Through adjusting thermal insulation layer height and rising or falling speed thereof, can lift means such as rotation, cooling through adjusting water coolant, seed rod and chuck in addition and carry out the thermal field adjusting, the thermal field adjustability is better, and regulation range is bigger, responds more timely.
In the different steps of crystal growth, to the thermal field demand of its different steps, a kind of embodiment can but be not limited to be: melt on the stage thermal insulation layer position minimum so that reduce energy consumption; The difficulty of critical process so that improve thermograde, is reduced in thermal insulation layer position on can improving slightly in inoculation, shouldering stage, helps improving yield rate and quality; Thermal insulation layer invariant position in the isometrical maintenance of Cheng Qian semiosis excessively can guarantee crystal mass; Reduce at isometrical process second half section crystallization power; Increasing motivating force by cooling merely can cause crystalline growth velocity not controlled too soon; Go up thermal insulation layer to certain altitude through promoting with certain speed this moment, can overcome this shortcoming, improves the afterbody crystal mass greatly; Simultaneously since motivating force increase, can the growing large-size crystal; In annealing stage and cooling early stage, last thermal insulation layer is placed on extreme lower position can strengthen the effect of annealing, and cuts down the consumption of energy; Thermal insulation layer is placed on the extreme higher position to accelerate cooling on the cooling later stage, shortens growth cycle.In sum; In a complete crystal growing process,, can satisfy the required different thermal fields of the different growth phases of crystal effectively through different positions and the rising or falling speed of adjusting thermal insulation layer; Can improve crystal mass and yield rate greatly; Simultaneously, effectively improve the stable and repeated of technology, be particularly suitable for the industrialization production of large size sapphire crystal.

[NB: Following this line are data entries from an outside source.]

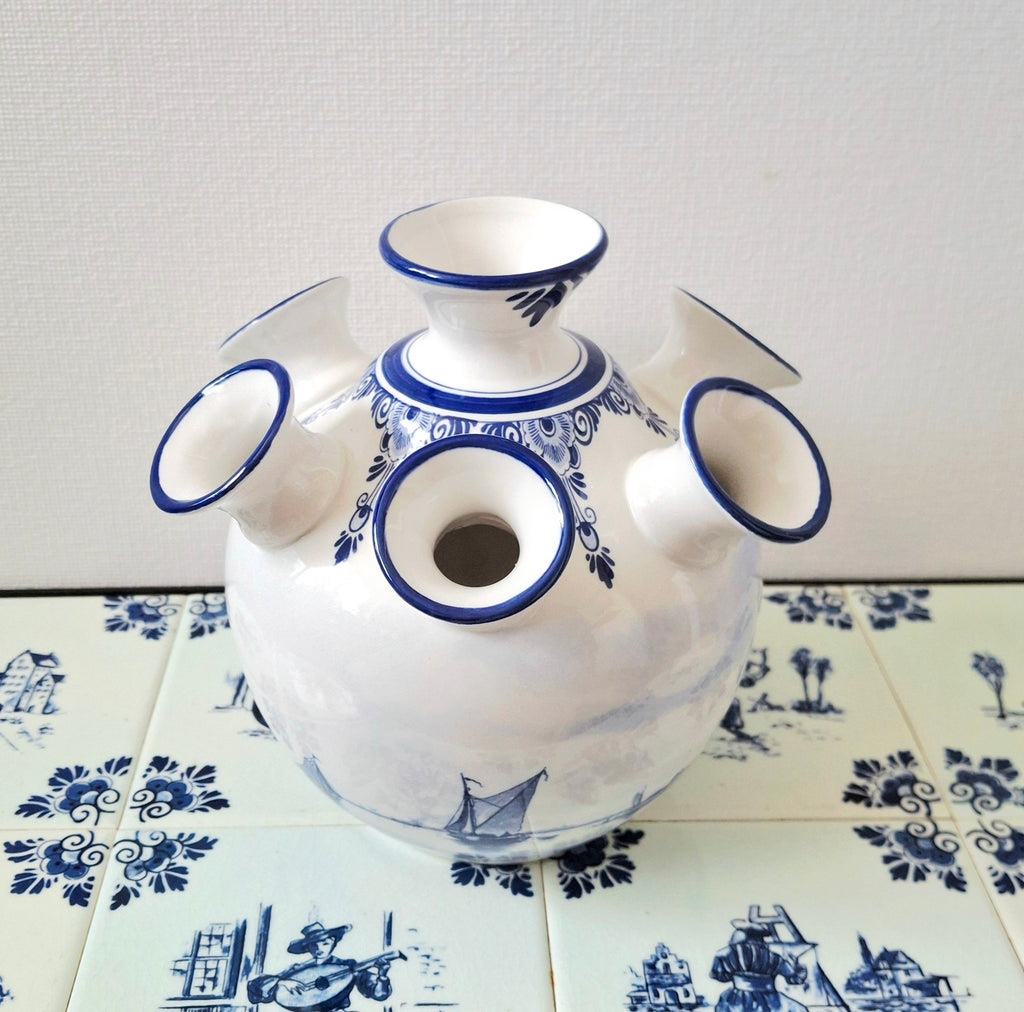 Delft tulip vase, Hand-painted dutch pottery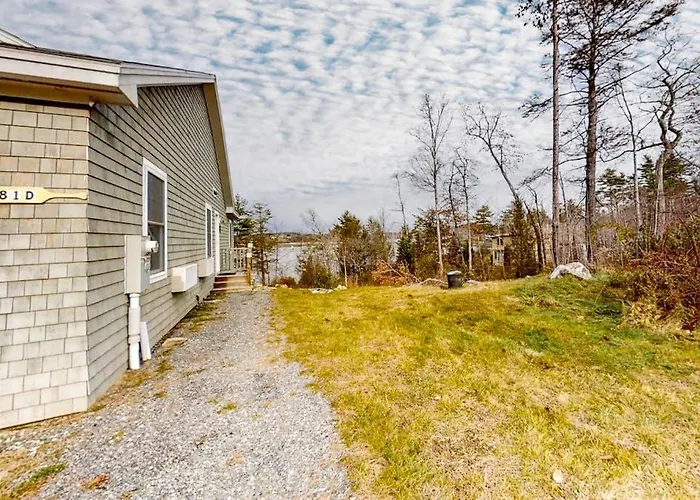 Water-View Condo At Sheepscot Harbour Resort With Deck, Full Kitchen, And Wifi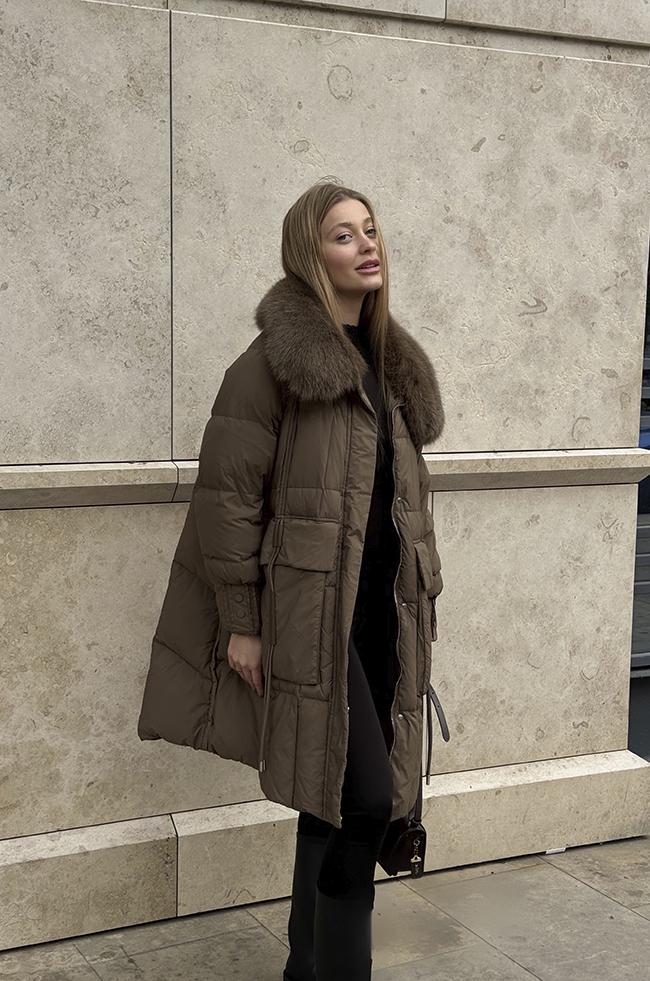 Куртка Lipar 0564 пухова з накладними кишенями р. 44 Капучино (16887332) - фото 2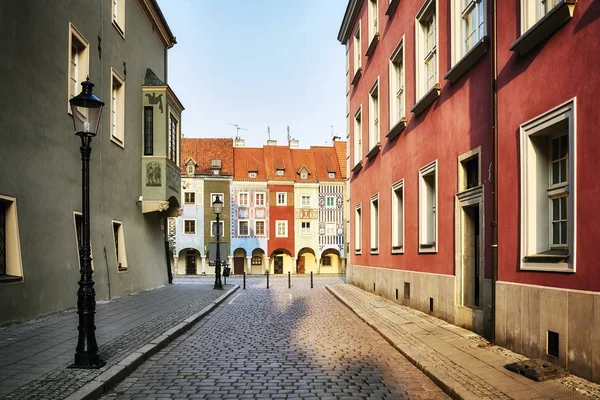 Straße zum alten Marktplatz in Posen bei Sonnenaufgang, Polen. — Stockfoto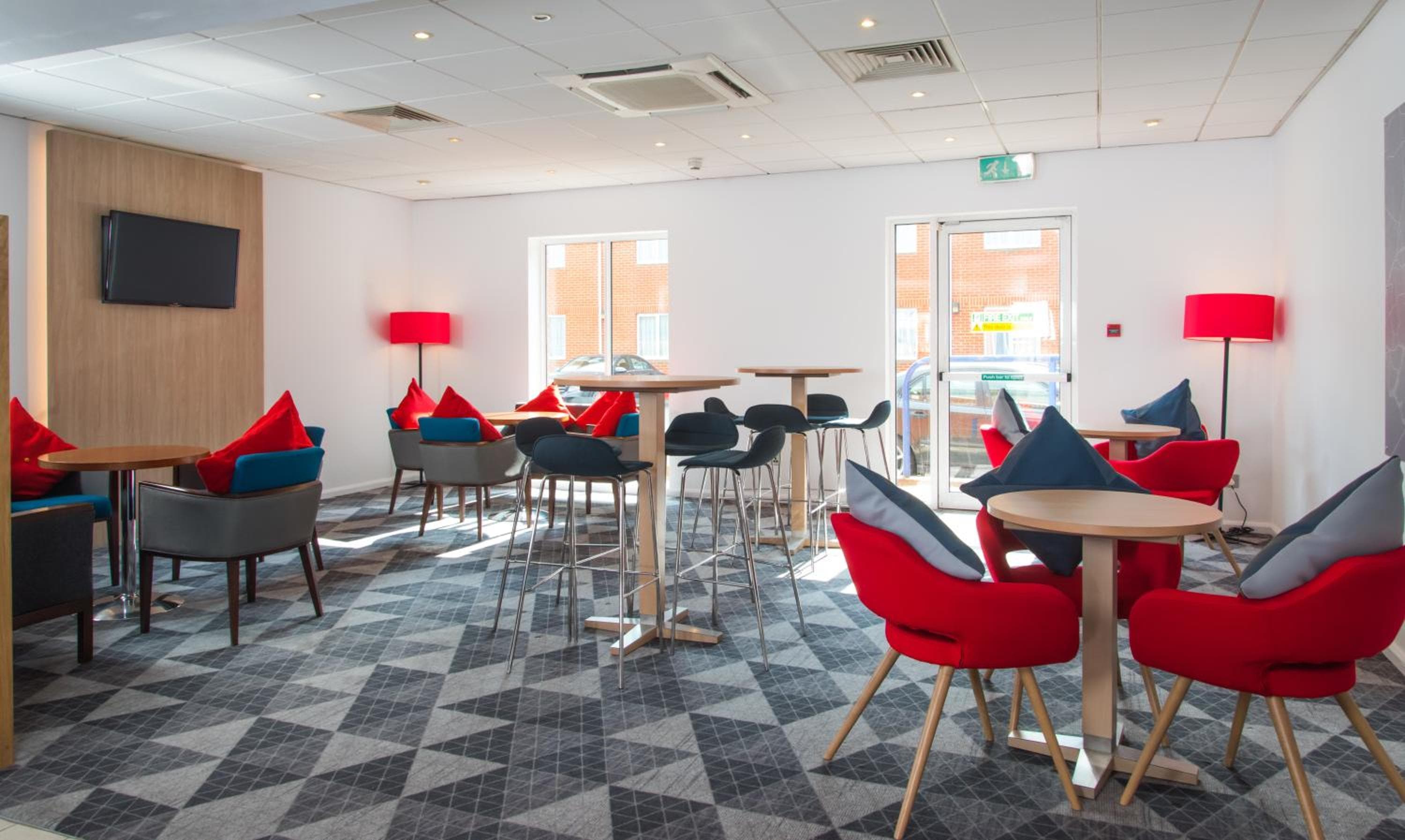 Holiday Inn Express - Southampton - West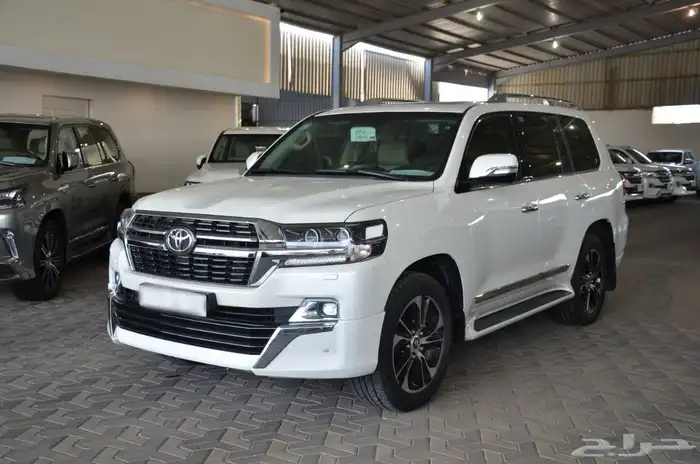 تويوتا لاند كروزر GXR 3 2021 V8 تورنق 0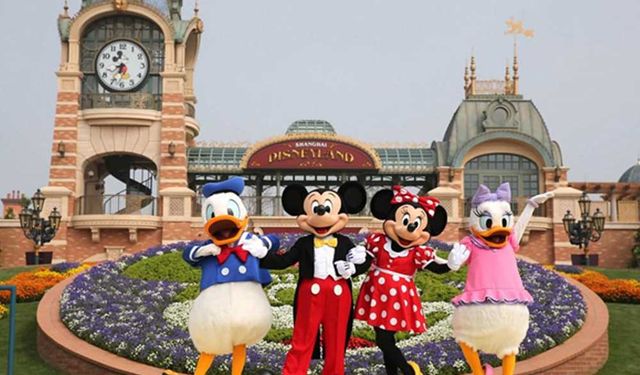 Shanghai Disneyland pandemi kontrolü nedeniyle geçici bir süre kapalı kalacak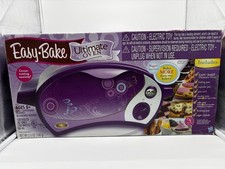 Hasbro Easy Bake Ultimate Oven 93404 Color Purple  Complete Except Food TESTED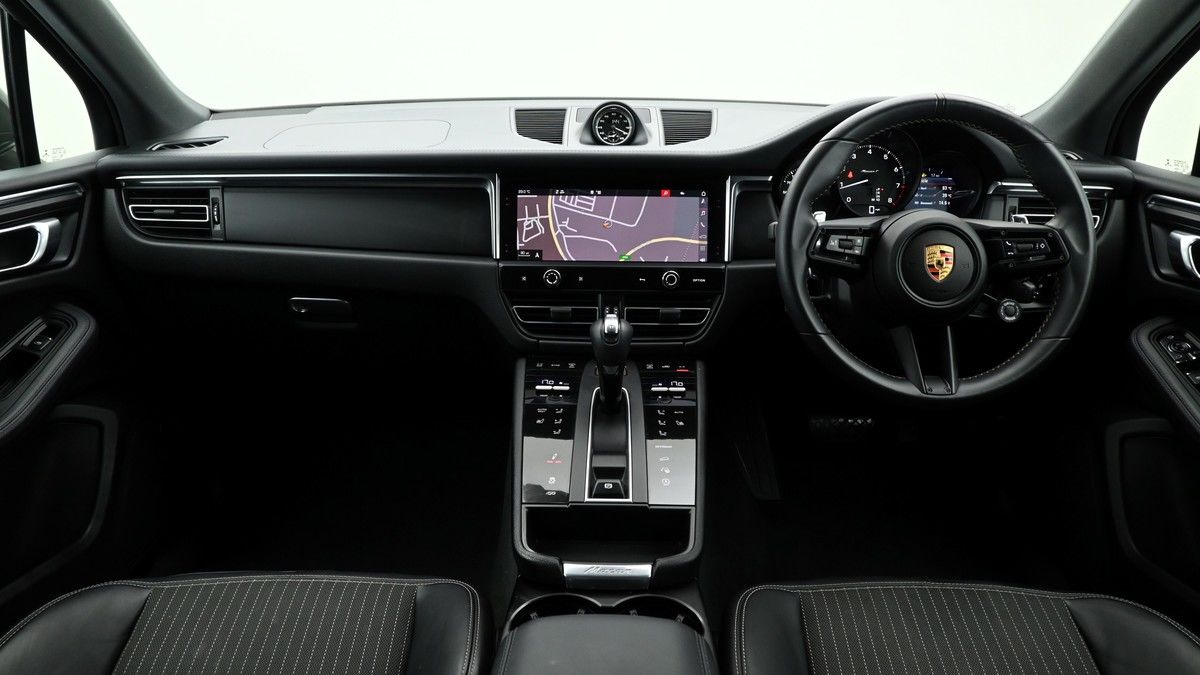 Porsche Macan Image 14
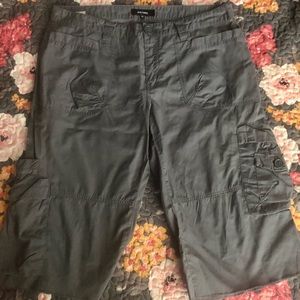 Daisy Fuentes cropped shorts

To distinct device, with between the different heats of equipment and the thermal field difference that causes of feeding quantity difference; In conjunction with to growth parameter(s), summaries of experience such as phenomenon and the crystal mass situation of coming out of the stove are analyzed in the different steps stove, can confirm to go up the different heights position and the height control mode of thermal insulation layer according to the difference of thermal field difference; Can reduce the thermal field intensity of variation between the individuality; Simplify process program, help safeguarding and the stability that improves thermal field and repeated, be particularly suitable for the large size sapphire crystal industrialization and produce.
Claims (4)
1. kyropoulos crystal growing furnace that thermal field is adjustable; Mainly comprise heat protection screen lifting device (1), body of heater (2), water cooled electrode (3), vacuum pipe (4), heating element (5), crucible (6), crucible support system (9), following thermal insulation layer (10), side thermal insulation layer (11), go up thermal insulation layer (13) and rotation and pulling apparatus (16) etc.; It is characterized in that heat protection screen lifting device (1) links to each other with last thermal insulation layer (13); The inside of heating element (5) thermal insulation layer (10), side thermal insulation layer (11), last thermal insulation layer (13) in crucible (6) outside and under being positioned at; Crucible (6) is positioned on the crucible support system (9); Body of heater (2) is provided with vision slit (15) and is convenient to observe crystal (7), melt (8), seed crystal (12), seed rod (14), seed rod (14) through the rotation and pulling apparatus (16) but oscilaltion and rotation.
2. the kyropoulos crystal growing furnace that a kind of thermal field according to claim 1 is adjustable; It is characterized in that; Last thermal insulation layer (13) connects through the top cover lifting device (1) that is fixed on the body of heater; Its position all can be adjustable continuously in position and speed in the 0-100mm altitude range of crucible upper limb position, makes the residing heat radiation final condition of crucible and material change, thereby realize that thermal field is adjustable.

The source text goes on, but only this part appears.